The former secretary of state’s 1972 opening to China badly weakened the U.S. By dispensing with that conceit, Trump shows he intends for America to win the great-power competition.

by
Lee Smith
March 05, 2025
Henry Kissinger visits the Summer Palace in Beijing, 1971

Bettmann Archive/Getty Images

The undiplomatic words that Donald Trump had for Ukrainian President Volodymyr Zelensky last week left some Washington, D.C., observers wondering how the Europeans saw the situation. After all, they wondered, if that’s how Trump treats a war-torn country fighting for its independence against Russian despot Vladimir Putin, what do Paris, London, and Rome, etc. think about U.S. security commitments?

Other foreign policy analysts recognize that Trump has many audiences outside the United States, including those in Moscow and Beijing.
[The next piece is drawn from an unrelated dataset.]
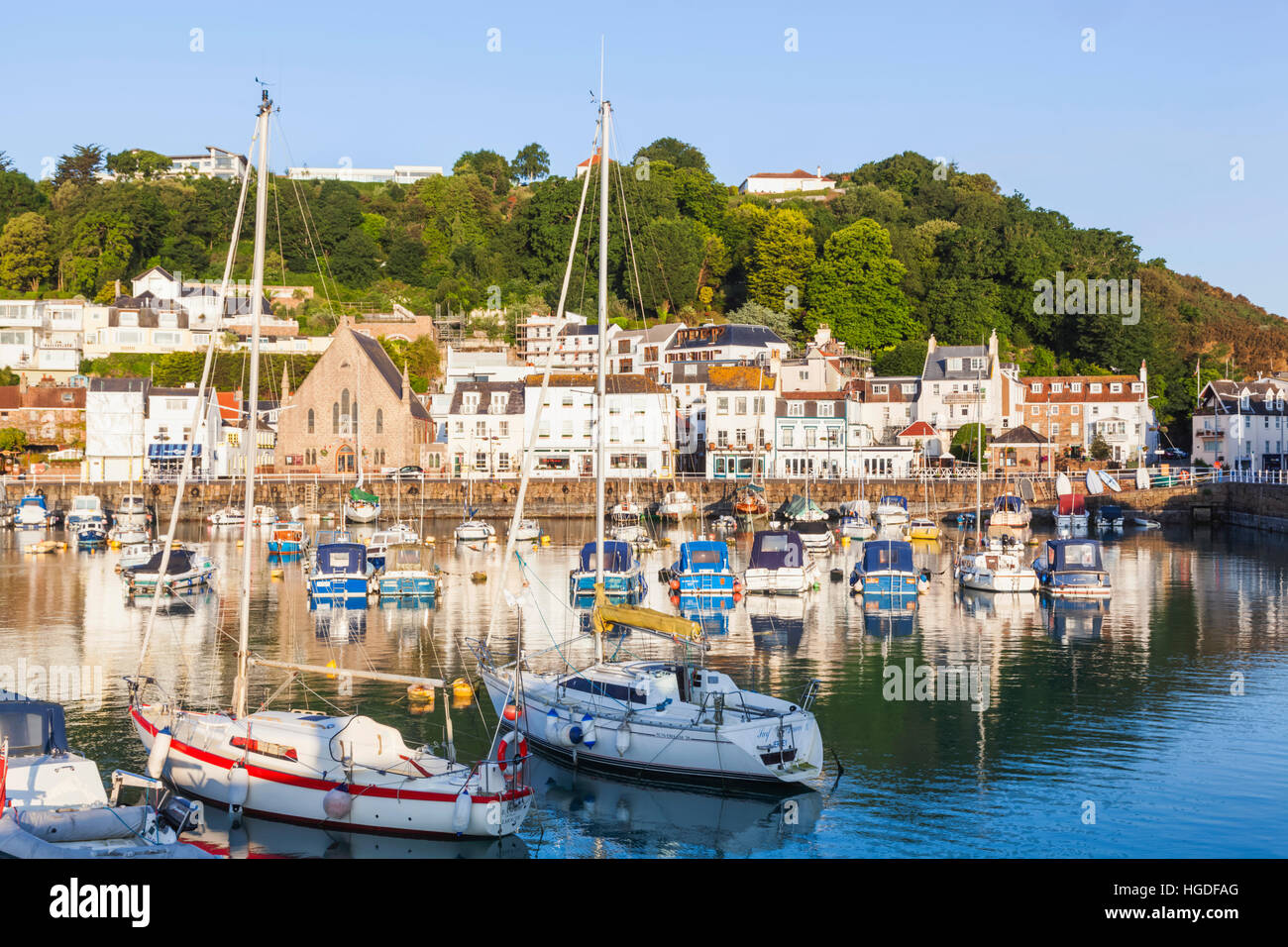 Regno Unito, Isole del Canale, Jersey, St. Aubin's Harbour Foto Stock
Many of these Trump watchers conjectured that the spectacle at the White House was meant to illustrate that Trump was willing to tilt against Ukraine in order to accommodate Putin. And the reason for that, they say, is to drive a wedge between Russia and China, what Trump sees as America’s No. 1 threat.

The Washington foreign policy establishment is calling what it presumes to be Trump’s Russia policy “reverse Kissinger.” That is, Trump is using the same tactic employed by Richard Nixon’s chief foreign policy aide Henry Kissinger when he encouraged his boss to open relations with the People’s Republic of China (PRC) and thereby “play the China card” against the more powerful Soviet Union. And in February 1972, Nixon went to Beijing, forging the opening with China. Trump, some are arguing, is doing the same, except going the other way.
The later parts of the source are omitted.